[INFOGRAPHIC] How To Protest – Protesting Tips From A Professional Camper
This article may be not the typical informative article you always find in this blog. However, the big issue we’ll tackle in a little while is something of utmost relevance to the nation, especially during this time.
Citizens must stand up for their rights, for the protection of the country, for the safety of people and its inhabitants, and for himself. It’s not true that citizens like us are no match against seemingly invulnerable oligarchs and abusive figures of authority because our combined sympathies and voices will overthrow any leader.
But what feasible thing can we do to voice out our opinions? One thing is to unite in a protest. Many do not believe in the power of protest. They even deem it as a waste of time. But when leaders and individuals occupying high positions take notice of the citizen’s outcries and struggles through protesters, everyone benefits. Always remember that real power lies within the hands of the citizens.
I’m sure you’re fully aware of protests happening in every corner of the country due to President Trump’s electoral win. Most Americans, including me, is not (in any way) in favor of the current president whose hasty actions are substantially affecting the people. And obviously, his manners, attitude, and the way he speaks and curses on national TV aren’t the stellar qualities of an American President. Admit it.
So before I explode here about my thoughts on Donald Trump, let’s get back to the real topic: preparing gears and most importantly, yourself, before protest day.
Setting Up Camp Days Before Protest
Protest camps are areas near a building or an institution where a group of civilized protesters plan out their protest. They can be pavements, grass lawns, and any flat surface where tents can be set up.
If you plan to join the group days before the protest for planning, sharing sentiments, and encouragement, then you’ll need a tent, food supplies, and other essential items.
Below is a checklist of things to prepare and bring by yours truly, a camper and a citizen of the best nation in the world.
Now that you know the essential things you need to prepare, the next thing you need to do is to prepare yourself. Since protesting will drain your energy, you should know the things that will boost and maintain your energy prior and on the day of the planned protest.
How To Boost And Maintain Your Energy Days Before The Protest
You might think now that you’re capable and protesting is an easy job – just raising boards and shouting. If it’s your first time to do so, I have the right to tell you that you’re wrong. Protesting is physically and mentally draining!
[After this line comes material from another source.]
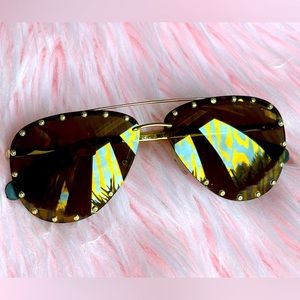 Louis Vuitton The Party Sunglasses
So it’s important to know the things that will boost and improve your energy days before the event to prepare your body.
1. Pack lightly
Carrying heavy loads will surely tire your body before the protest even starts. The camping gear should be the only heavy load you have to bring. All else- clothes, toiletries, and other stuff should be light as possible.
2. Avoid smoking and drinking
You should refrain from smoking and drinking weeks before the event. Smoking will weaken your lungs, cause insomnia, and curb your appetite. How can you chant consistently with weak lungs, right?
Drinking, on the other hand, will adversely affect your overall health. You should know by now that you’ve got to condition your body the best it can be to prepare it for the strenuous activities.
3. Try a different sleeping pattern
Trust me; you won’t get much sleep in the protest. Aside from all the long meetings, it’s pretty hard to sleep on a thin sleeping bag for days while covering your eyes from hearing all the outside noises.
To prepare for the sleepless days, you ought to try a different sleeping pattern. Omit a few hours of sleep every day for a week. Start with avoiding naps then move on to dropping your sleep to 7 hours the next day then 6 the next day and so on until your body adjusts. This way, you won’t feel the need to sleep the entire night on camp.
4. Eat right
No matter how assured you are that you’ll do fine with so little sleep, your body may still lose function if your food lacks nutritive value. It’s best to load up on energy-boosting foods such as whole wheat bread, fresh fruits, vegetables, and natural beverages.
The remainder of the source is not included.